Facteur 2 : Coût de Fabrication et Disponibilité des Lances La production de naginata nécessite des techniques de forgeage avancées pour créer de grandes lames courbes, tandis que les têtes de lances à section transversale triangulaire possèdent des formes relativement simples adaptées à la production de masse. Dans le système de mobilisation de masse de la période Sengoku, la capacité de production de masse des armes devint vitalement stratégique, et la supériorité de la lance devint indéniable.
Facteur 3 : Efficacité des Armes à Long Fût La lance à long fût était optimisée pour des coups d'estoc simultanés par des formations densément emballées. La tactique connue sous le nom de « haie de lances » (yarubusuma) — des lances densément agglomérées avançant ensemble — s'avéra efficace même contre les samouraïs montés et devint une tactique de groupe indépendante de la compétence individuelle. Les daimyo Sengoku adoptèrent avidement cette stratégie.

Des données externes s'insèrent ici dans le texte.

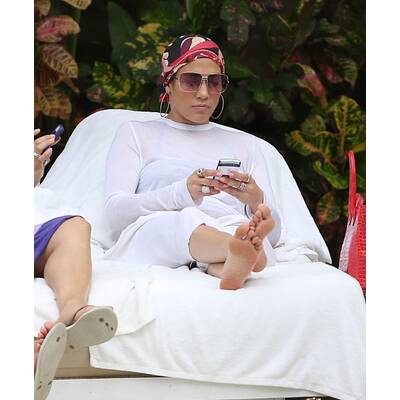 Jennifer Lopez: Miami-Urlaub mit ihren Zwillingen Max und Emme.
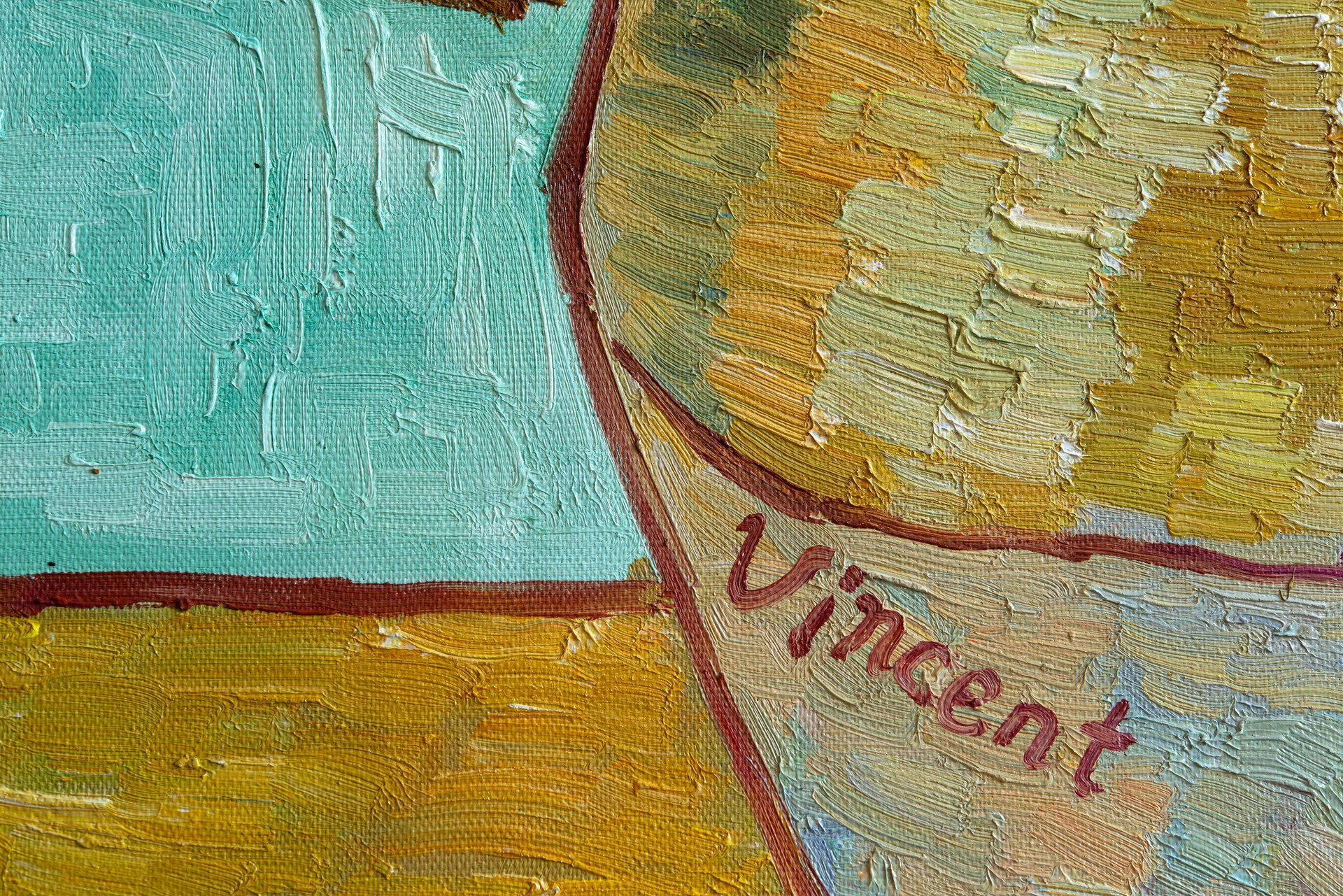 detail Still Life: Vase with Twelve Sunflowers Van Gogh Reproduction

Bien que la naginata cédât son rôle principal à la lance, elle ne disparut pas. À partir du milieu de la période Sengoku, la naginata survécut principalement sous deux formes.
La première était une modification appelée « naginata naoshi » (conversion de naginata). La pratique du raccourcissement des anciens fûts de naginata et leur réaffectation en katana ou wakizashi devint généralisée. Les épées créées par le biais de naginata naoshi possèdent des courbes distinctives et des motifs de grain, et beaucoup de telles pièces restent identifiables comme « naginata naoshi » dans l'authentification des épées modernes.
La seconde était la conversion à l'utilisation religieuse et cérémonielle. Les sanctuaires Shinto et les temples bouddhistes continuaient à utiliser la naginata comme armes protectrices et rituelles. En particulier, il était coutumier que les femmes samouraïes reçoivent une seule naginata comme partie de leur dot de mariage à travers la période Edo. Cette tradition devint la source culturelle du naginatadō (art martial de la naginata) comme discipline martiale des femmes.
Alors que l'ère de la lance commençait, les formes se diversifiaient selon la fonction. La lance simple à section transversale triangulaire (suyari) était la forme basique, mais des variantes proliféraient — y compris la lance à croissant unique (katakama-yari), la lance en croix (jūmonji-yari), la lance Kikuchi, et la lance sasaho.
Les lances favorites des généraux légendaires devinrent matière à légende : la « lance serpent » (hebi-yari, un type de lance en croix) de Katō Kiyomasa et le « Nihon-gō » de Fukushima Masanori, nommé pendant les périodes Sengoku et Azuchi-Momoyama. La lance s'éleva d'une simple consommable de l'infanterie à une arme prestigieuse affichant l'individualité d'un commandant.
Après l'établissement du Shogunat Edo, la demande de lances et de naginata comme armes pratiques s'effondra. Pourtant, la coutume du port de lance cérémoniel dans les processions daimyo persista, et la « procession du porteur de lance » resta un rituel important démontrant le rang d'un daimyo jusqu'à la fin de la période Edo.
La naginata survécut comme sujet obligatoire pour les femmes samouraïes dans leurs salles d'entraînement résidentiel, et après la période Meiji fut adoptée comme partie de l'éducation scolaire des filles, continuant jusqu'à nos jours. Tandis que la technique de la lance a été transmise comme art martial, elle manque de la popularité du naginatadō, et seulement une poignée d'écoles telles que la technique de lance de Hōzōin-ryū maintiennent la tradition aujourd'hui.
Le changement de rôle dominant de la naginata à la lance ne fut pas simplement une question de supériorité des armes, mais reflétait plutôt un changement fondamental dans la guerre elle-même et incarnait un tournant dans l'évolution à la fois militaire et culturelle de la société japonaise.